Ask HN: Is token-based pricing making AI harder to use in production?
3 points| Barathkanna | 1 month ago
I’ve noticed a recurring theme in many threads here: AI is powerful, but once you move past demos, token based pricing becomes expensive and hard to reason about.
We ran into this problem ourselves while building AI powered systems. Predicting costs, budgeting usage, and experimenting safely all got harder as workloads grew. So we built a small AI API platform for inference, aimed at early developers and small teams who want to integrate AI without constantly calculating token usage. The focus is on lower and more predictable costs rather than chasing the newest model.
This is still early, and I’m mainly posting to learn from others here. For people running AI in production, what’s been the hardest part to manage so far? Cost, predictability, performance, or something else?
I’d really appreciate any insights or experiences.
elmascato|1 month ago
I'm seeing a strong parallel in SaaS regarding Purchasing Power Parity (PPP). We often assume a user in India or Brazil doesn't convert because they "can't afford" $49, but the friction is often psychological. Even for high earners in those regions, paying a double-digit USD subscription feels "wrong" or predatory relative to local goods.

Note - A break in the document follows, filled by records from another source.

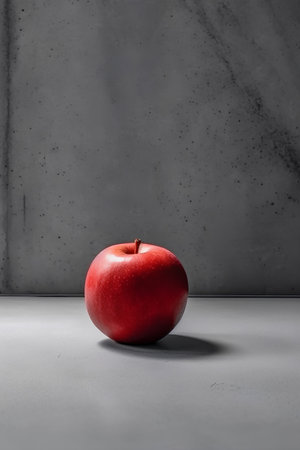 Red apple with shadow on grey concrete wall. 3D Renderingの素材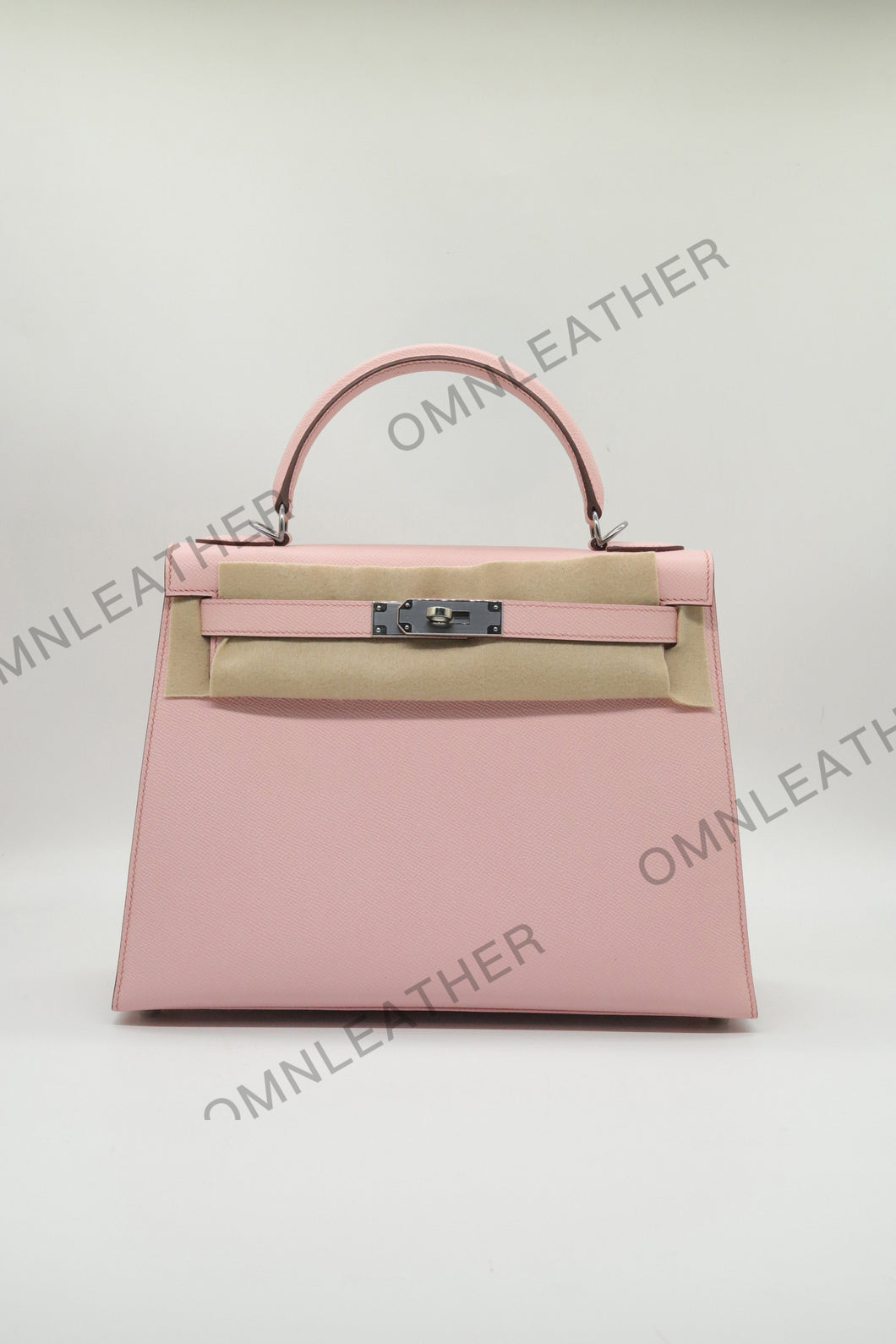 Verona 28 Kelly Style Fully Handmade Epsom Leather Pink Color Silver Hardware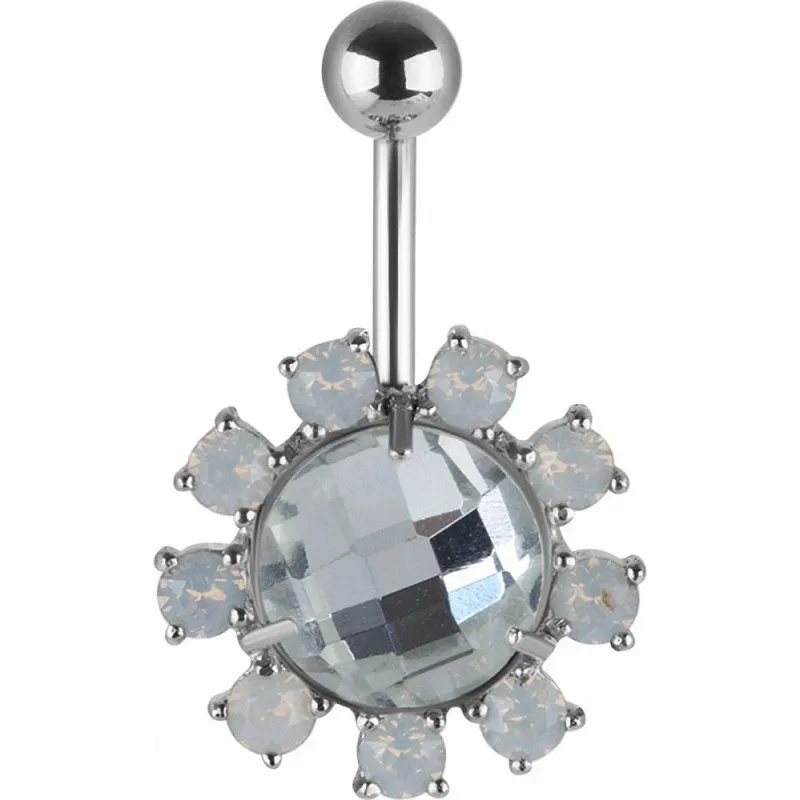 Piercing nombril Swarovski cristaux blancs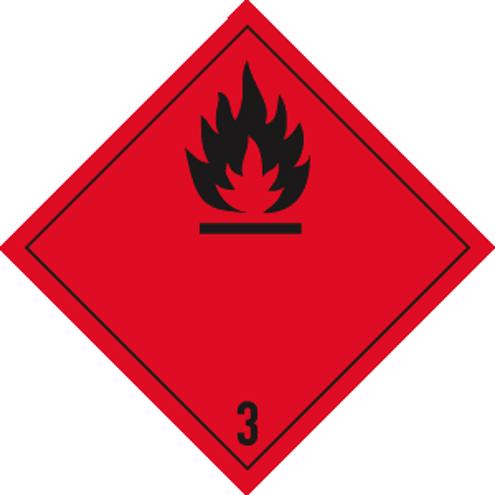 Gefahrzettel Klasse 3 Aufkleber | Folie | 100x100 mm | 1000 Stück/Rolle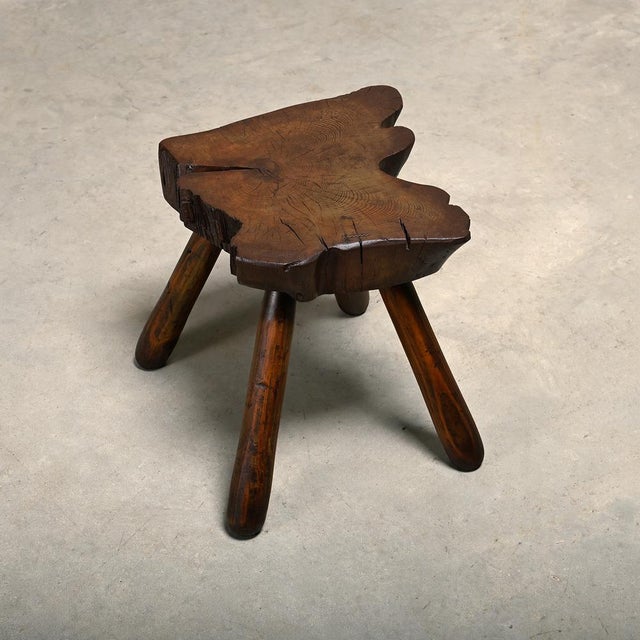 1970s Scandinavian Rustic Tree Trunk Stool, 1970s For Sale - Image 5 of 15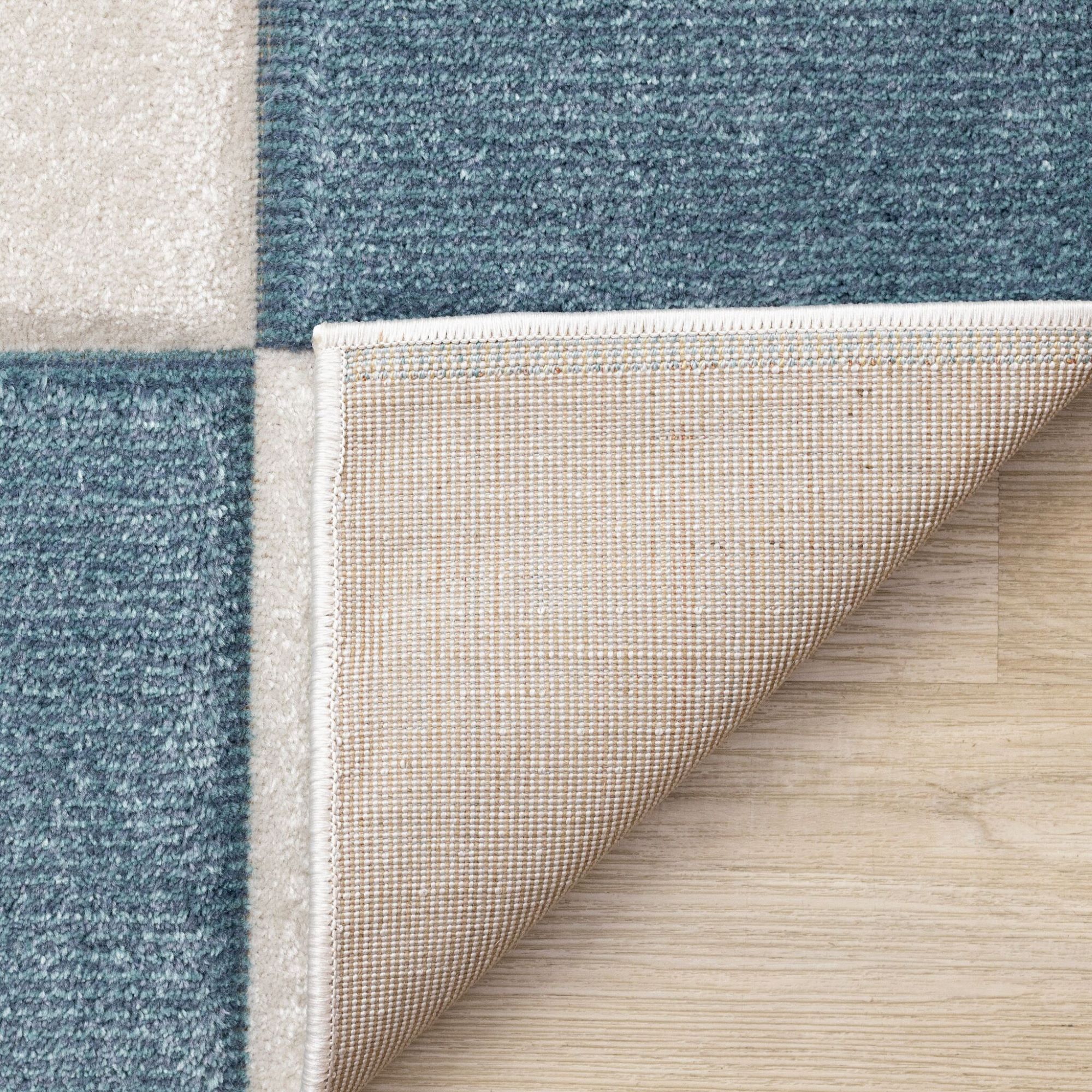 Ocean Blocks 5'3" x 7'7" Banded Rectangle Area Rug - Blue, White - Image 8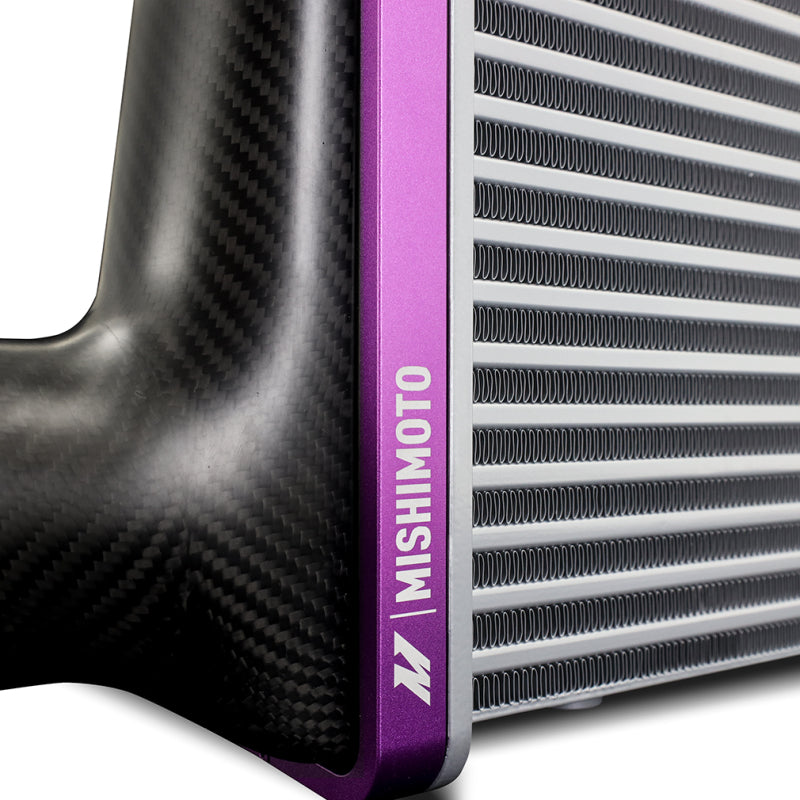 Mishimoto Universal Carbon Fiber Intercooler - Gloss Tanks - 525mm Black Core - C-Flow - P V-Band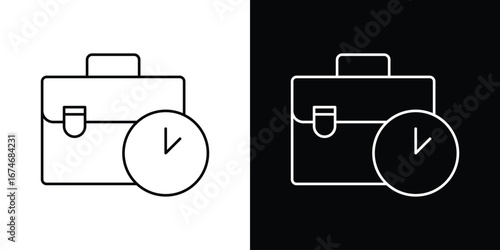 Office time icon. Isolated Line Icon.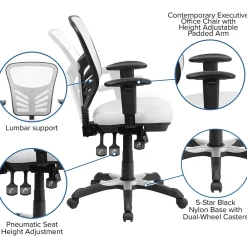 Ergonomic Chairs*Flash Furniture Nicholas Ergonomic Mesh Swivel Mid-Back Multifunction Executive Office Chair, (HL0001WH) White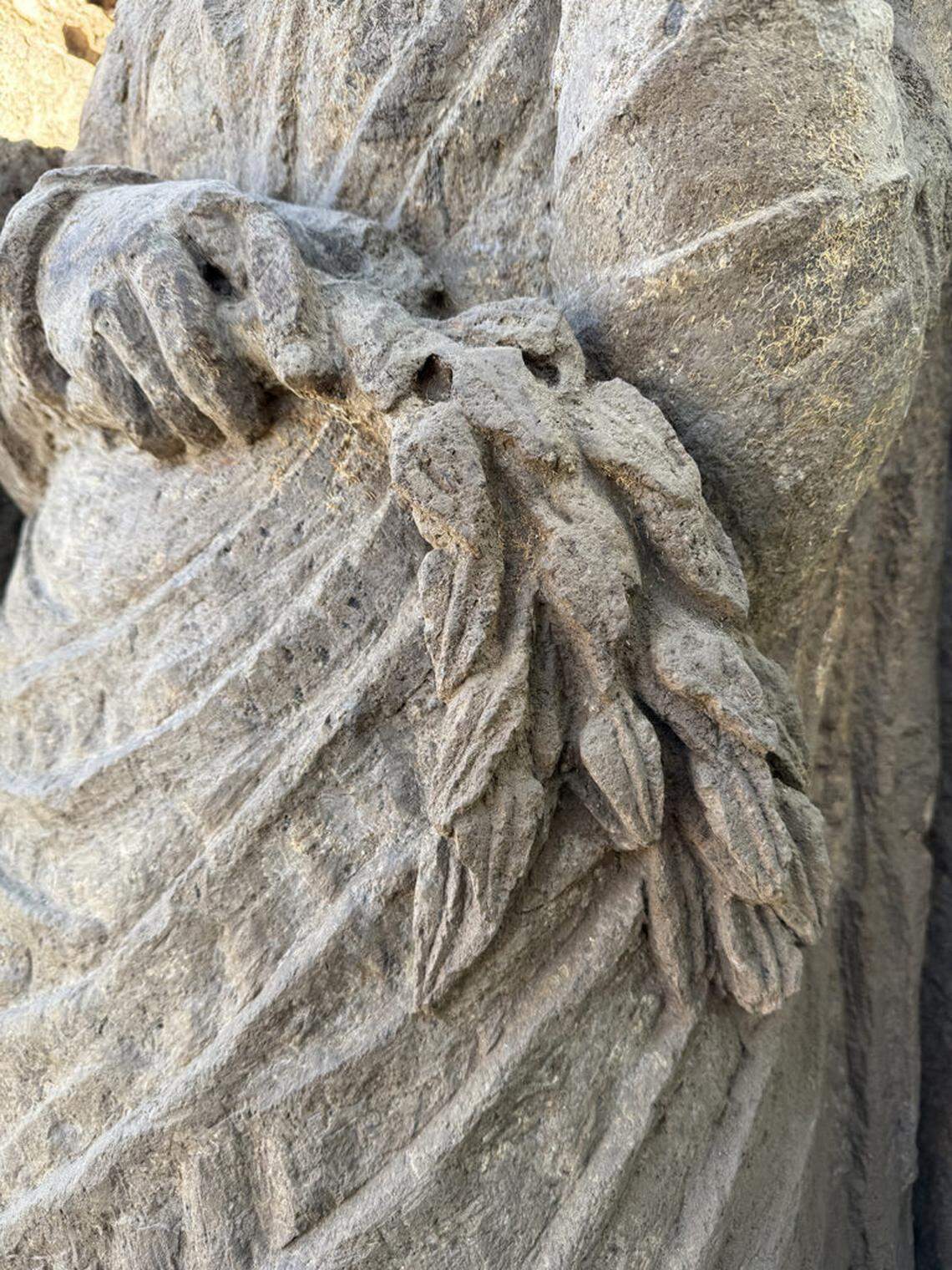 The wife has additional accessories suggesting she was a priestess, officials said.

Just as you are abstracting away the token math to lower the barrier to entry, we need to abstract away the currency inequality. I've been working on a client-side widget to handle this (tierwise.dev) and noticed that simply aligning the price with the user's local context making it "feel" fair spikes conversion rates significantly.
Whether it's flattening token variance or localizing purchasing power, the goal is the same: stop the user from doing math and let them focus on the product value.
iamrobertismo|1 month ago
Barathkanna|1 month ago
I agree that token economics are basically a commodity today. The problem we’re trying to address isn’t beating the market on raw token prices, but removing the mental and financial overhead of having to model usage, estimate burn, and worry about runaway costs while experimenting or shipping early features. In that sense it’s absolutely an engineering and finance problem combined, and we’re intentionally tackling it at the pricing and API layer rather than pretending the underlying models are unique.